◆ The task ◆
In the entries below, begin at the line that has "Moda Floare Trandafir" and stop after the line that has "CEP Men's Ultralight"; output those lines exactly, leaving out pictures.

◆ Material supplied ◆
++++++++++

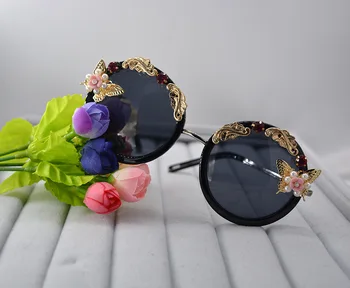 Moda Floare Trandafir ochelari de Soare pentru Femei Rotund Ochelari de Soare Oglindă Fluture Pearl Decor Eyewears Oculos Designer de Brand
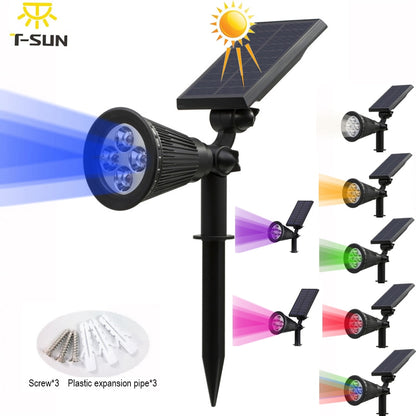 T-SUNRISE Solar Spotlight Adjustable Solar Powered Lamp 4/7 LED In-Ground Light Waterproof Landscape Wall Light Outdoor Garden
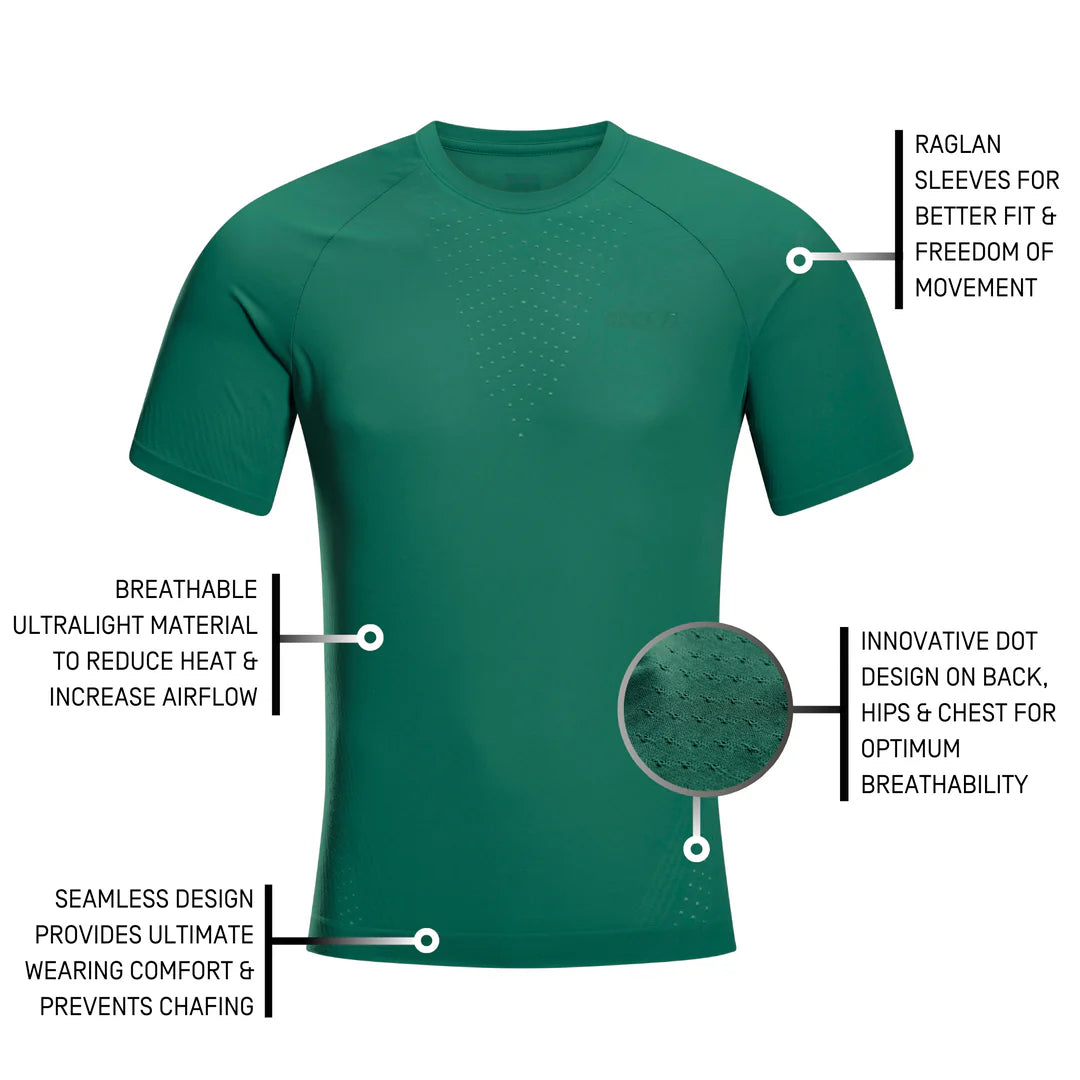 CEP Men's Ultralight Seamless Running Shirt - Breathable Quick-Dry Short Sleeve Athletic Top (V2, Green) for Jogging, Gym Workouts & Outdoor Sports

++++++++++

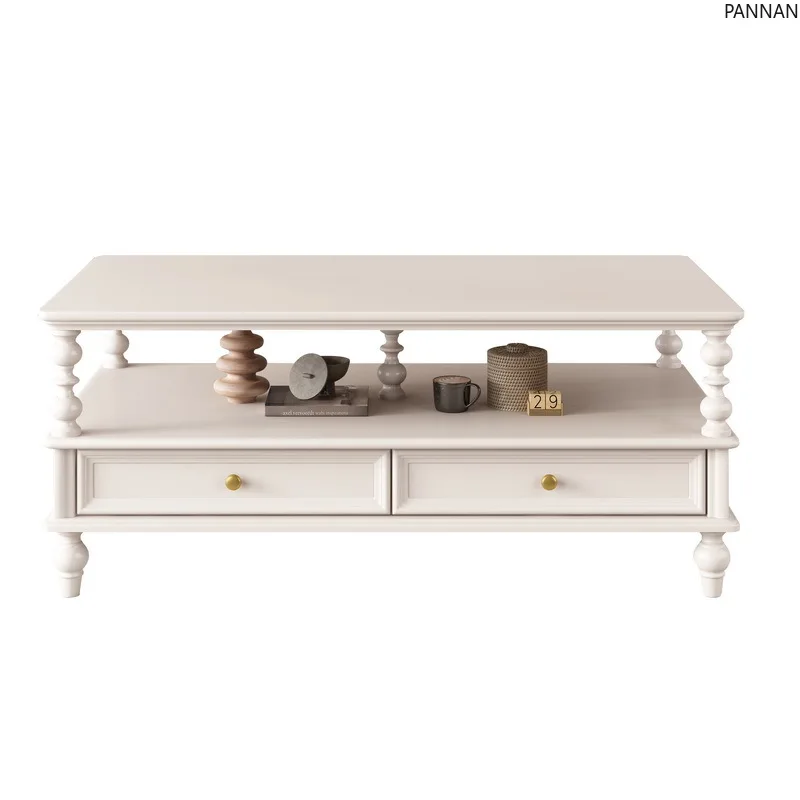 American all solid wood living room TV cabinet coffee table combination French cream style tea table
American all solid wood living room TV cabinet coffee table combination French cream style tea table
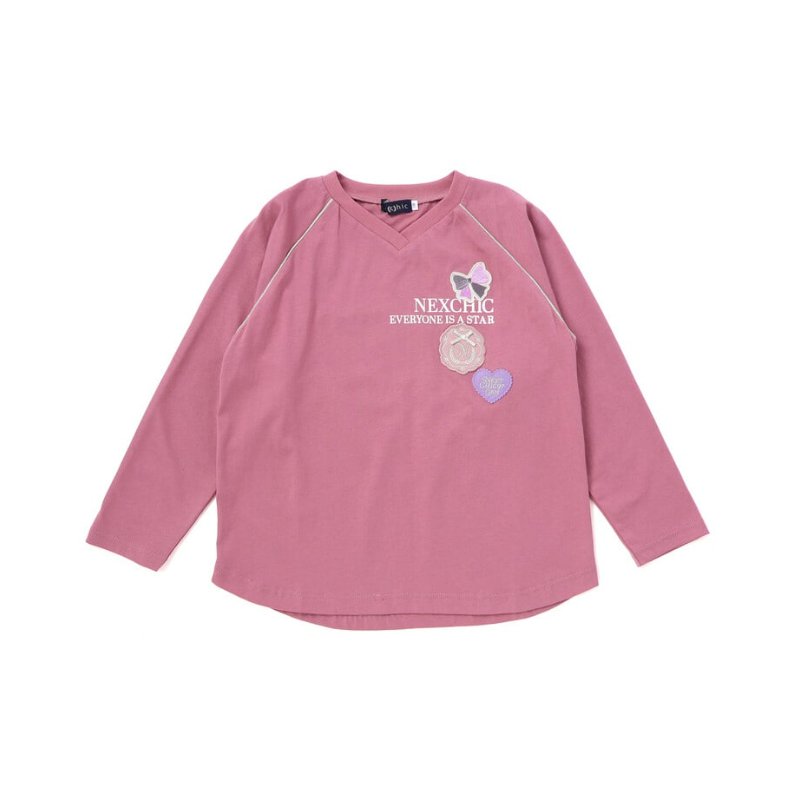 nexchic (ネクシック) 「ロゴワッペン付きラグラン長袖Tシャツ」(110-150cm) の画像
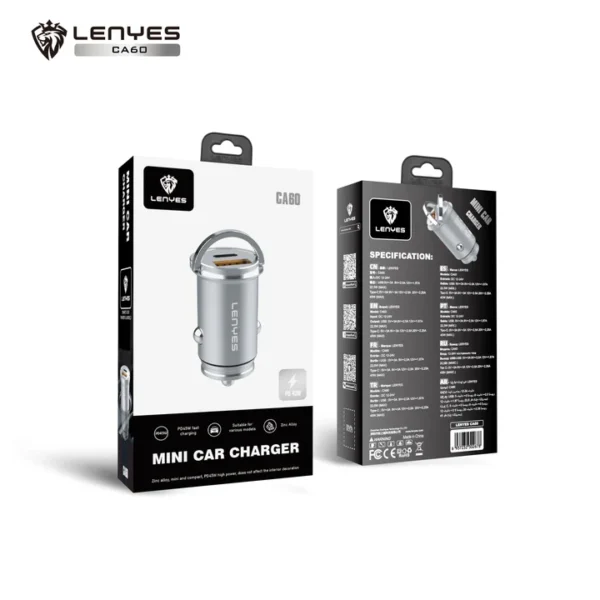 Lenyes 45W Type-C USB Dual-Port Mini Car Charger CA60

++++++++++

◆ Answer section ◆
 Moda Floare Trandafir ochelari de Soare pentru Femei Rotund Ochelari de Soare Oglindă Fluture Pearl Decor Eyewears Oculos Designer de Brand
 T-SUNRISE Solar Spotlight Adjustable Solar Powered Lamp 4/7 LED In-Ground Light Waterproof Landscape Wall Light Outdoor Garden
 CEP Men's Ultralight Seamless Running Shirt - Breathable Quick-Dry Short Sleeve Athletic Top (V2, Green) for Jogging, Gym Workouts & Outdoor Sports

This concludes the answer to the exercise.